Présentation du plan de sauvegarde à l’initiative exclusive du débiteur

En premier lieu, le projet de plan de sauvegarde ne peut pas être soumis par un créancier, cette possibilité, autrefois prévue par l’ancien article L. 626-2-1 du code de commerce est supprimée (Ord., art. 29).

Ainsi, la sauvegarde accélérée qui sert de cadre de restructuration préventif au sens de la directive (Rapport au président de la République, les règles générales relatives aux classes de parties affectées), reste à la main du débiteur qui n’est pas en cessation des paiements. Par ailleurs, il garde l’initiative de la procédure (C. com., art L. 628-1, nouv. par Ord., art 38 ;  Rapport au président de la République, la procédure de sauvegarde accélérée). On peut comprendre qu’il s’agit de préserver l’équilibre des intérêts en cause en s’assurant de conserver l’attractivité de la procédure de sauvegarde accélérée en dépit de la nouveauté des classes de parties affectées et ce, d’autant que les seuils qui la caractérisent disparaissent rendant cette procédure moins confidentielle.

Le caractère exclusif de la présentation du plan par le débiteur distingue de manière significative la procédure de sauvegarde de celle du redressement judiciaire, pour laquelle la possibilité pour les créanciers de soumettre un plan est maintenue. En présence de comités de créanciers, cette possibilité était offerte aux membres des comités en sauvegarde et en redressement judiciaire (C. com., art., L. 626-30-2, anc. applicable au redressement judiciaire par C. com., art. L. 631-19, anc.).

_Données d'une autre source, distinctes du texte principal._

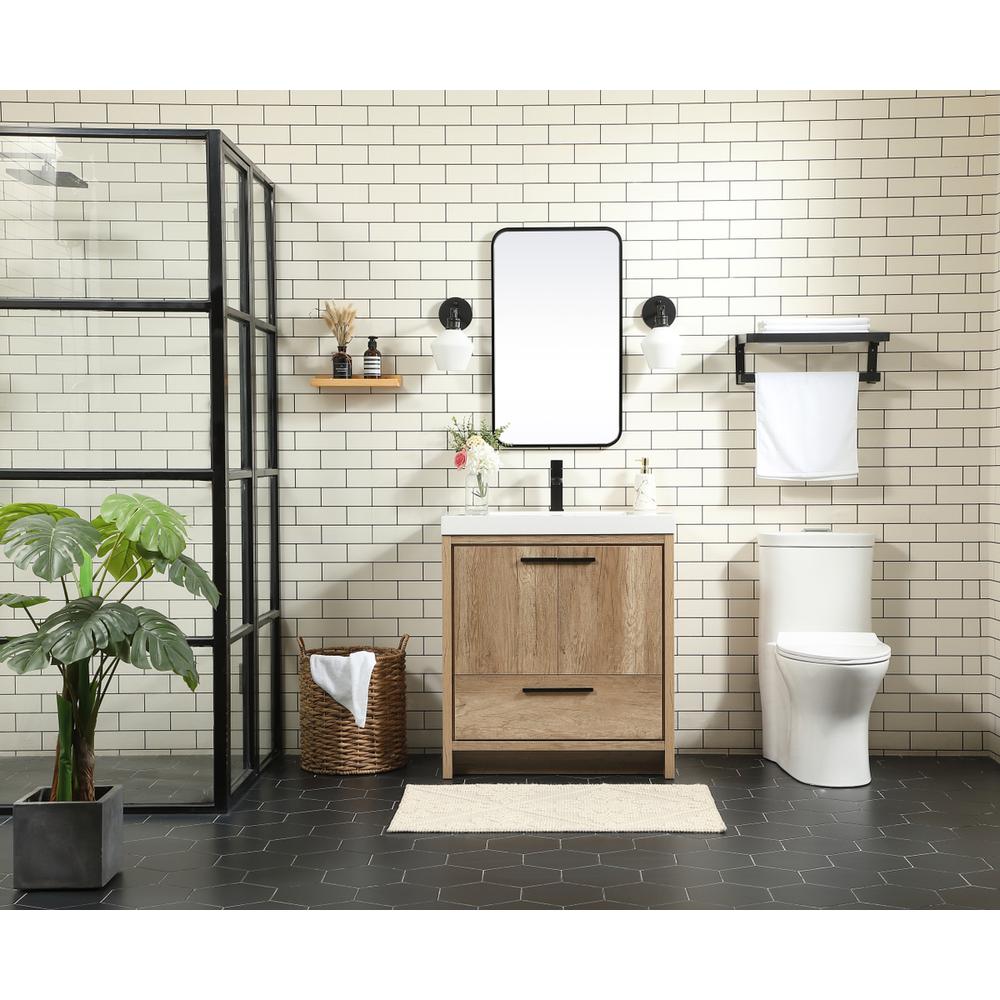 30 inch Single bathroom vanity in natural oak. Picture 4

Création d’une classe constituée des détenteurs de capital

L’article 37 de l’ordonnance réécrit intégralement l’ancienne section intitulée « des comités de créanciers » devenue « des classes de parties affectées ». Cette terminologie issue de la directive européenne (Dir. (UE) 2019/1023 du parlement européen et du conseil, 29 juin 2019, art. 9 : JOUE 26 juin 2019, L 172/18) intègre dans les classes de créanciers, d’autres parties qui sont affectées par la procédure tels que les détenteurs de capital.

Le choix de créer une classe de parties affectées constituée des détenteurs de capital conduit à préciser le contenu du plan à leur égard dès lors que ce dernier contient des modifications du capital social. Il est prévu que si « le débiteur est une société par actions dont tous les actionnaires ne supportent les pertes qu'à concurrence de leurs apports », le plan peut prévoir des conversions de créances en titres donnant ou pouvant donner accès au capital. La situation particulière des détenteurs de capital explique la dérogation prévue à l’article L. 626-10 pour les priver du nouveau privilège d’apport en trésorerie.

Remarque : « Les créances résultant des apports de trésorerie mentionnés au premier alinéa bénéficient du privilège prévu au 2° du III de l’article L. 622‑17. Cette disposition ne s’applique pas aux apports consentis par les actionnaires et associés du débiteur dans le cadre d'une augmentation de capital. Elle ne peut bénéficier, directement ou indirectement, aux créanciers au titre de leurs concours antérieurs à l’ouverture de la procédure. » (C. com., art. L. 626-10, dern. phrase).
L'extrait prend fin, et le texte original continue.